If the combination works, it means that Nokia is back in business. If not, it will set back the company by several years.
Nokia lost its position as the largest manufacturer of mobile phones, after 14 years, earlier this year to Samsung, which along with Google's Android operating software, has streaked ahead leaving the rest of the competition behind.
Apple with its proprietary operating system iOS has its own unique niche in the segment. In fact the company can be credited with revolutionising the smartphone market and providing a benchmark for others to follow.
Nokia was somehow unable to keep up with Apple in terms of innovation, design or imagination and it took just a few years for the company to lose its position at the top.
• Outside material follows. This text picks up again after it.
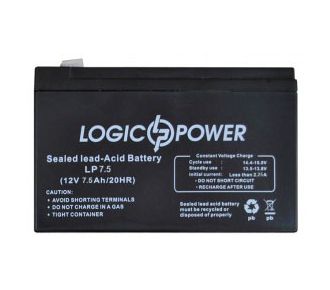 Акумуляторна батарея LogicPower LPM 12V 7.5Ah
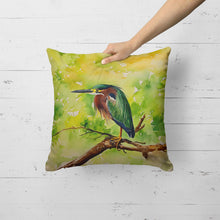 Load image into Gallery viewer, Green Heron Throw Pillow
Now it is playing catch-up.
On Friday, research firm IDC said that in the July-to-September period, Nokia slid for the first time off the list of the top five smartphone makers in the world. It's still the second-largest maker of phones overall, but sales of non-smartphones are shrinking across the industry, and there's little profit there.
Nokia CEO Stephen Elop has made it clear that the revival of the company's fortune hinges on Windows Phone 8. Microsoft is scheduled to launch the new operating system on Monday along with the new phones from Nokia, HTC and Samsung.
The first line-up of Nokia phones last year, running on Windows Mango have not been much of a success. The upgraded version of the software is expected to have better success, as it has been made with the new generation of smartphones in mind.